“Cabaret” torna a Broadway

Alan Cumming nel ruolo dello Emcee nella versione di Sam Mendes del musical "Cabaret".
Alan Cumming nei panni dello Emcee del musical "Cabaret", nella versione di Sam Mendes.
Alan Cumming nei panni dello Emcee del musical “Cabaret”, nella versione di Sam Mendes.

Nel 1939, l’inglese Christopher Isherwood pubblicò un libro (Goodbye to Berlin), da cui nel 1951 venne tratta una pièce (I Am a Camera, di John van Druten), che nel 1955 diventò un film (stesso titolo, diretto da John Collier), originando nel 1965 il musical  teatrale Cabaret (di Harold Prince), che nel 1972 fu trasposto al cinema dal regista Bob Fosse con protagonista Liza Minnelli.

Negli anni successivi furono messi in scena diversi revival del musical, tra cui il più rilevante risale al 1993. In quell’occasione, il regista Sam Mendes decise riprendere il lavoro originale senza farne un revival in senso stretto, bensì considerando alcuni elementi del film e aggiungendo la sua impronta autoriale all’opera. Il risultato fu un successo, prima a Londra, poi a New York, anche grazie all’interpretazione di Alan Cumming in veste di Emcee, ruolo reso famoso nel passato soprattutto da Joel Gray.

Dal 21 marzo 2014, il Cabaret di Sam Mendes tornerà a Broadway ancora con Cumming e Michelle Williams nel ruolo di Sally Bowles. Chi non potrà godersi lo show allo Studio 54, dovrà accontentarsi di vedere in tv e sul web gli estratti che, supponiamo, saranno messi in scena durante la 68a cerimonia di premiazione dei Tony Awards, l’8 giugno 2014 al Radio City Music Hall.

Joel Grey e il cast di "Cabaret" nel 1966.
Joel Grey e il cast di “Cabaret” nel 1966.

L’argomento ci interessa per due ragioni. La prima è che, piaccia o meno, questo resta il più famoso (l’unico?) spettacolo ad aver reso protagonista uno degli intrattenimenti più in voga nella Berlino degli anni ’20. La seconda riguarda il contributo che il suddetto spettacolo e il relativo film hanno dato al perpetrarsi dello stereotipo del cabaret berlinese come luogo decadente e ambiguo.

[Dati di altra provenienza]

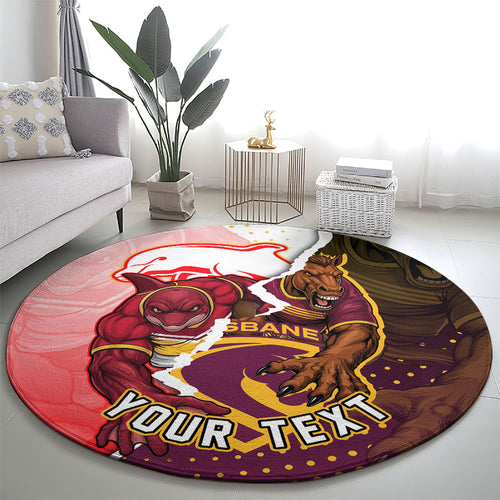 Personalized Brisbane Broncos vs Dolphins Round Carpet Rivalry Dynamic Sports Rugby Mascot Graphic Art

Se nel romanzo (ispirato alla sua reale esperienza) di Christopher Isherwood il cabaret era un luogo citato quasi incidentalmente, dal musical teatrale del ’65 venne messo in primo piano – tanto da avere l’onore del titolo – in quanto sorta di metafora del controverso periodo storico in cui è ambientata la vicenda. Questo aspetto venne sottolineato dalla versione cinematografica che, grazie all’eccezionalità artistica dell’opera e alla riproducibilità tecnica del supporto, consegnò al pubblico una visione distorta – per quanto conturbante – di ciò che era effettivamente il cabaret berlinese ai tempi della Repubblica di Weimar.

Christopher Isherwood (Foto: ullstein)
Christopher Isherwood (Foto: ullstein)

Intendiamoci, lo spettacolo teatrale e il film possono essere “colpevolizzati” fino a un certo punto: come abbiamo scritto in un’altra pagina del nostro sito, l’equivoco nacque ben prima di Cabaret, per mano dei nazisti, i quali dipingevano come ambienti corrotti quei locali in cui si esibivano artisti contrari alla loro politica (e in cui, talvolta, si effettuavano attività antinaziste), per avere quindi il pretesto per farli chiudere. Negli anni successivi, anche gli americani avrebbero sfruttato lo stereotipo per allargarlo un po’ su tutto il mondo tedesco.

D’altra parte, le cronache del tempo testimoniano effettivamente una notevole libertà sessuale e di costumi, un vitale desiderio di esperienze estreme, l’abuso di alcol e stupefacenti, in feste private, club ma anche locali pubblici.  Eppure, spiega Walter Laqueur, «a Berlino non vi era più “dolce vita” di quanta ve ne fosse in altre capitali, ma qui era più pubblicizzata» (La Repubblica di Weimar. 1918-1933. I mali oscuri della democrazia europea, BUR, 1979). Questo nostro sito, Kabarett.it, fa riferimento anche a personaggi fuori dagli schemi come Anita Berber e a luoghi non per tutti come l’Eldorado, ma la scena del cabaret nella Berlino di quegli anni è anche altro.

Allo stesso altro, soprattutto, è dedicato il nostro sito.